According to my current understanding of ownership and borrowing, the following code should not compile, but it does. Could someone please point out the flaw in my thinking?
let mut words_iter = ["hello", "world", "of", "Rust"].into_iter();
let words_iter_ref = words_iter.by_ref();
// Take the first two words.
let hello_world: Vec<_> = words_iter_ref.take(2).collect();
assert_eq!(hello_world, vec!["hello", "world"]);
// Collect the rest of the words.
// We can only do this because we used `by_ref` earlier.
let of_rust: Vec<_> = words_iter.collect();
assert_eq!(of_rust, vec!["of", "Rust"]);
Why I thought this should not compile (I've number the steps so it might be easier to point out the mistake):
words_iter is a std::slice::Iter
words_iter_ref is an &mut Iter
Calling take on words_iter_ref triggers automatic dereferencing by the compiler, because the take method has self as its first parameter, and not &self.

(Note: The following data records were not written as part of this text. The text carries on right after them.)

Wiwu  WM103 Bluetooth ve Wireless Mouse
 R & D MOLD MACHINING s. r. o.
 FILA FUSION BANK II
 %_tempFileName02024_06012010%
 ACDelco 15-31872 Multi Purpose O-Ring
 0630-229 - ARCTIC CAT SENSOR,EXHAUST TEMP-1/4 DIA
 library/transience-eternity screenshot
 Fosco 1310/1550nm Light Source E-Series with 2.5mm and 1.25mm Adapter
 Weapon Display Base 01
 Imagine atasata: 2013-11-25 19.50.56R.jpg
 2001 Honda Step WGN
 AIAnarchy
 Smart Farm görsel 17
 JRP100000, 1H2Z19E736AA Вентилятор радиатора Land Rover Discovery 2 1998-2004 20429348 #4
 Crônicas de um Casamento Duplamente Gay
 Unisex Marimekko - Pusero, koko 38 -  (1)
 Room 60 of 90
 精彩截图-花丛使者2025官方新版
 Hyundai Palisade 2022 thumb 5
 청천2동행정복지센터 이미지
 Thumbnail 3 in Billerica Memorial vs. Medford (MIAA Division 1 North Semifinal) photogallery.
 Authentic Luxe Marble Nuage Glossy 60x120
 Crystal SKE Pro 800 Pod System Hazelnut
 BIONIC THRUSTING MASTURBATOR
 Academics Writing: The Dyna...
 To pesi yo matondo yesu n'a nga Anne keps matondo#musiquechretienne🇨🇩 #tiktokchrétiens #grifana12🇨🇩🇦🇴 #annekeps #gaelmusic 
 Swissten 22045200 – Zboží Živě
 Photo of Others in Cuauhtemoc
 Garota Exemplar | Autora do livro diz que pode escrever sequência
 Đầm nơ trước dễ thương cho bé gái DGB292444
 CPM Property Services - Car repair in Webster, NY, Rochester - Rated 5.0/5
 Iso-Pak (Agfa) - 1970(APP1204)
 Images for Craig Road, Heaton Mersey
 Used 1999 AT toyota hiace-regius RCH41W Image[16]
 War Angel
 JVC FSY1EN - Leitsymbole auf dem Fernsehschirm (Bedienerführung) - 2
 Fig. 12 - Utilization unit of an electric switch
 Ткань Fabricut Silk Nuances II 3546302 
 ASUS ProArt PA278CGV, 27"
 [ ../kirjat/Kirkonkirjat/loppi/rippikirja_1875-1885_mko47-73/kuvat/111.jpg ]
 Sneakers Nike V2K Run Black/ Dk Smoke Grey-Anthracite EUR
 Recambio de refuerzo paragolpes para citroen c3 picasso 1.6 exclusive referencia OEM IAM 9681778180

Therefore, take will be called with *words_iter_ref, which is of type *&mut Iter, which is equal to Iter
Therefore, take will take ownership of the original iterator owned by words_iter. I.e. a move happens.
When calling words_iter.collect() later, the collect method will try to take ownership of a value that was already moved in the call to take before. Therefore the code won't compile.
In other words: it seems to me that by simply doing a reference immediately followed by a dereference, you can completely circumvent the ownership rules!
There must be something I'm not getting. I would appreciate it if someone could help me understand why this code works and thereby improve my conceptual understanding of Rust. Thanks!
Ahhh, now it all makes sense! This is why the automatic dereferencing doesn't need to happen, because take is implemented straight on the &mut Iterator
Dereferencing can never "move" ownership from the perspective of the borrow checker. If you have an &mut T there's no way to get a value of T and invalidate the variable the &mut T was pointing to.
There are a bunch of was to get a T out of the &mut T, but none of them would prevent someone from using the original variable.
Indeed, it seems that calling a method with receiver type Self on a &mut T leads to error E0507. So even though my thinking went wrong in step 3 already, what I wrote in step 5 would have been wrong as well.